# Corps Land at West Point



## Paymaster (Oct 15, 2004)

I posted this in the open forum as well. Corps Permits at West Point are now $10 each. Must have changed last year. No longer free, but still a good deal.


----------



## grayhill (Oct 15, 2004)

*last year....*

they did change it last year, they are using that money towards the land, and it also cut down on the number of hunters just by charging 10$. you'd be suprised how many people just hunt it b/c it was free....


----------



## Buck_Ridge (Oct 17, 2004)

Maybe there will be a few people around that don't want to pay those big bucks    that will be willing to sell one of those fancy pull carts. There sure can be some awfull long ways to drag them big old nannys out of the woods.


----------



## Paymaster (Oct 17, 2004)

Yep. I know about long drags from Corp Land. Drug one for two hours once. I hated that buck by the time I was out. But after a nice rest on the tail gate of my truck, I began to be  proud of him again. My Brother went yesterday and saw no one else where he was. He did not see any deer only fox squirrels and turkeys.


----------



## Buck_Ridge (Oct 18, 2004)

*good hunting*

There seems to be some good hunting on some of the core land but I have yet to take one from it. I have only started hunting it late last season. The biggest problem I have seen is that there are a lot of people not signing in.


----------



## Paymaster (Oct 18, 2004)

Yeah I know. I would love to see more Rangers patrols. I have never had too much problem with crowds.


----------



## sks/hunter (Oct 19, 2004)

*corp land*

where is the corp of engineer land at westpoint is the wma or something different? Am interested and live in COWETA County


----------



## frankwright (Oct 20, 2004)

I have never hunted the Corps land but have several friends that have hunted the bow areas with good luck. They always went in by boat and went just a short distance into the woods and set up climbing stands. Turkey creek was one of their favorite areas.

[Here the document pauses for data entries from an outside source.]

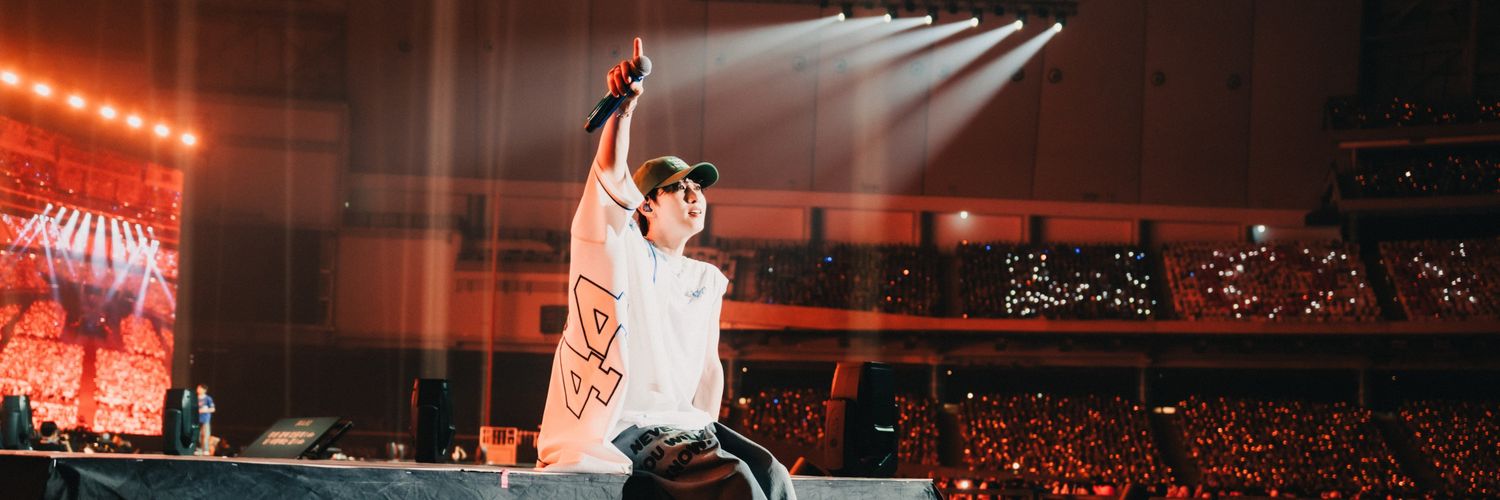 xiaocen98's profile banner image
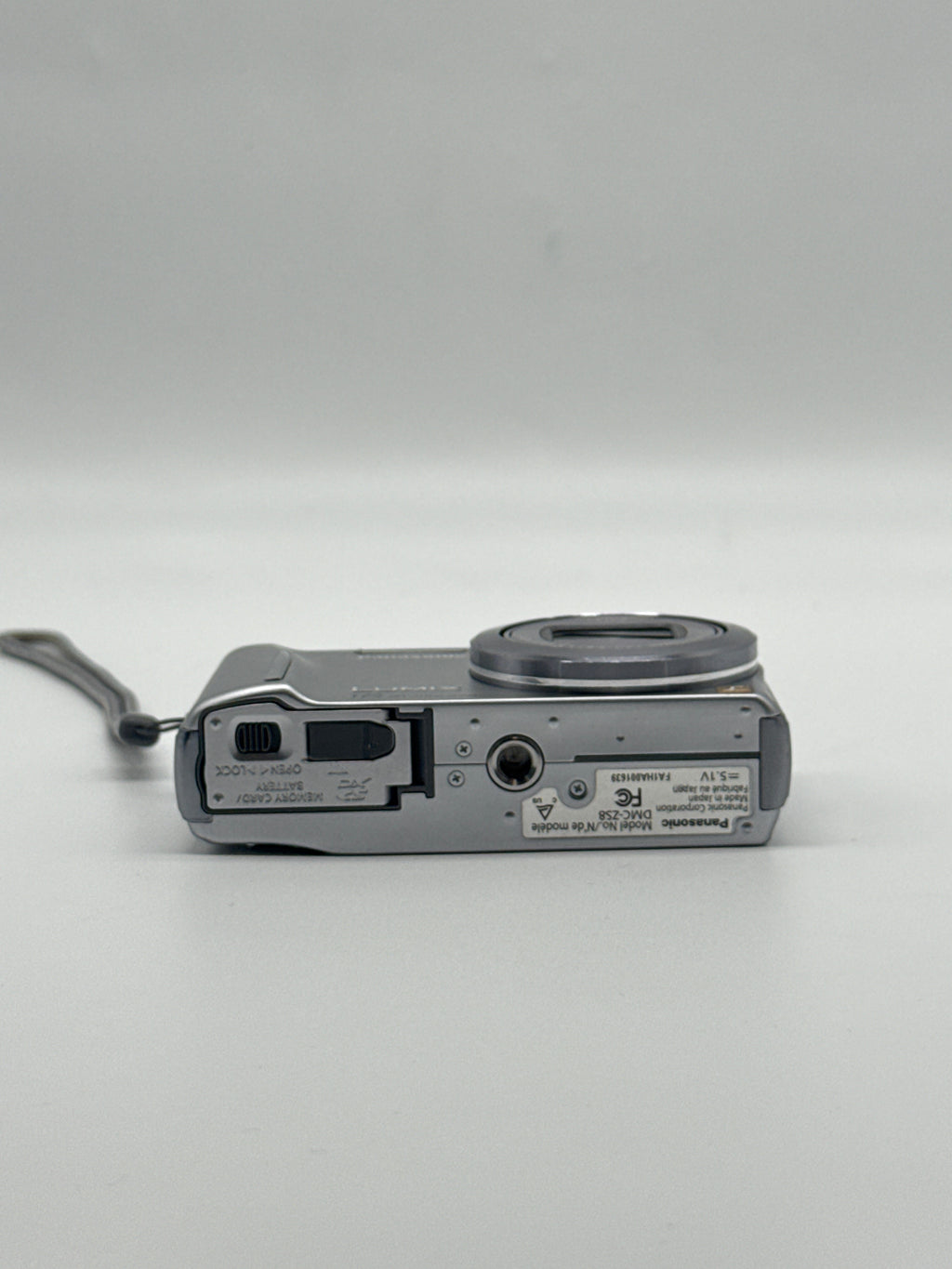 Panasonic Lumix DMC-ZS8 14.1MP Digital Camera 16x Zoom Silver - Used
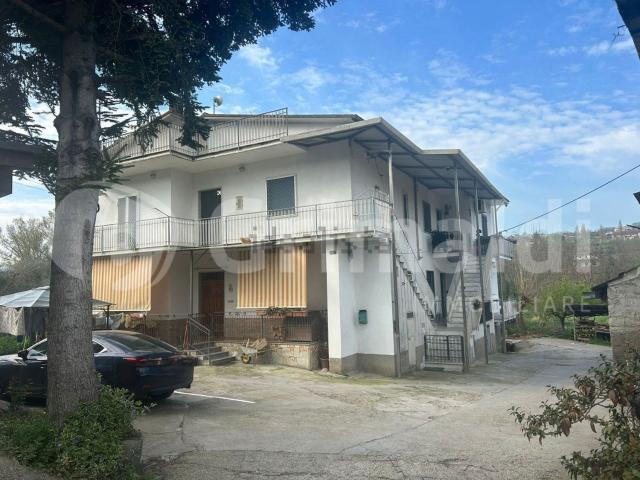 Appartamento in vendita di 120 m² in Contrada Ponte delle Tavole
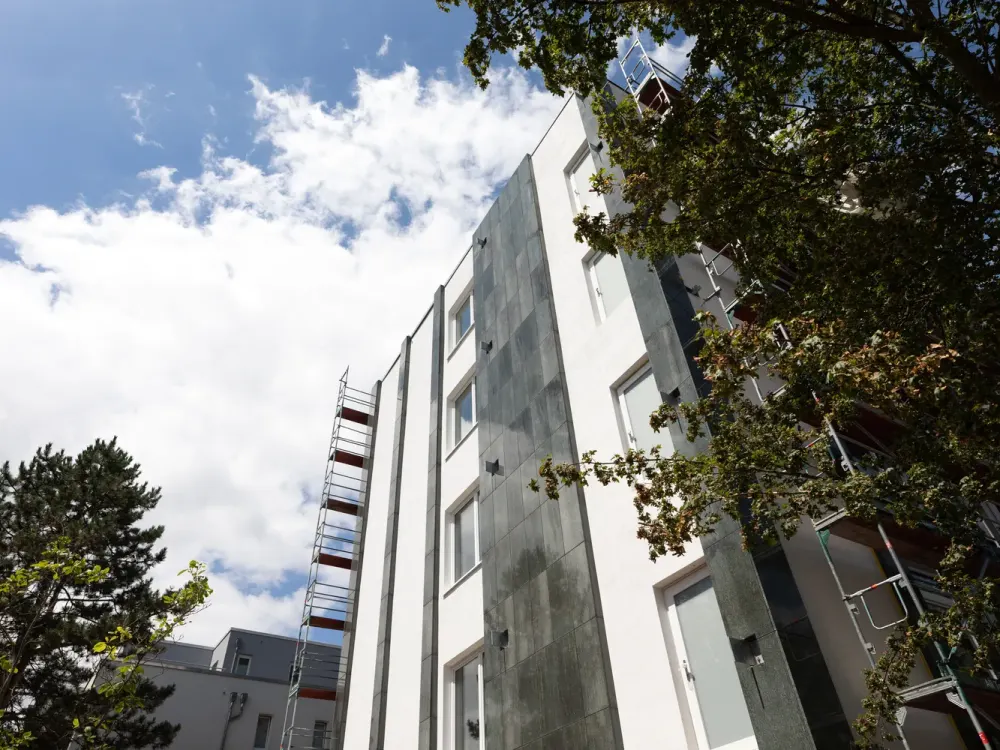**Frühjahrs-Special** Möbliertes Apartment mit Terrasse in Düsseldorf- Rath!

SKS, This map will give you a general idea. All of it is restricted to either/or bow,muzzleloader,shotgun depending on the area.

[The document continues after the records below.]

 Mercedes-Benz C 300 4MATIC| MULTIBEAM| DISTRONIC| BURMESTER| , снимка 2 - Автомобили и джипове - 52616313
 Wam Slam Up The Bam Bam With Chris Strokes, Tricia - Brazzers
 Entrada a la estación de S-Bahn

I read they issued 2400 permits last year. I bet a bunch of those people never hunted.
http://westpt.sam.usace.army.mil/images/WPLhuntingmap.pdf


----------



## Paymaster (Oct 20, 2004)

You can obtain a permit from the Resource Managers Office near West Point Lake Dam. They will give you a map and a kill sheet. There are several areas with fairly eazy access. The largest is Maple Creek area near the dam. The areas in green,on the map, are for Shotguns with slugs and Muzzleloaders. No Buckshot is allowed. I did not hunt Corps Land last year but have the previous 10 years or so. I plan on going in the morning to Maple Creek.


----------



## sks/hunter (Oct 20, 2004)

*seasons on corp land*

what are the state seasons for corps land same as anything else or different dates like wmas?


----------



## Paymaster (Oct 20, 2004)

The regs are the same as the county you are hunting. In Troup the 4 points one one side rule is in effect. In Heard the regs are the same as anywhere else in Heard County. Seems I remember years ago that they had special hunts on the Maple Creek area but have not heard of this in recent years.


----------



## Buck_Ridge (Oct 20, 2004)

I saw several deer,turkey, and other critters out there last year. Looked to be some good hunting. I hope to get back out there soon and see if I can harvest one.


----------



## Buck_Ridge (Oct 29, 2004)

*Cutting timber*

I was on the lake the other day and could have swore they were logging on some of the core land. Anyone seen any sign of this and if so any idea of how much land will be cleared?


----------



## Craig Knight (Oct 30, 2004)

*Corp Property*

Found last week end that we have a couple of scum bag tresspassers that come in from the corp property. They walk about 300 feet up on our private property and put up their stands. Cant wait till I catch them on camera, or if they slip up and leave their stands,I,ll take them and leave my Cell# on a piece of paper attached to the tree they were in.


----------



## Paymaster (Oct 30, 2004)

Check the sign in sheet at the Corps site you are refering to. They might be stupid enough to sign in and you can report the trespassing to the rangers. If they are not signing in then they are in violation of the permit. Anyway, hope you catch them. Sorry that you are having problems.


----------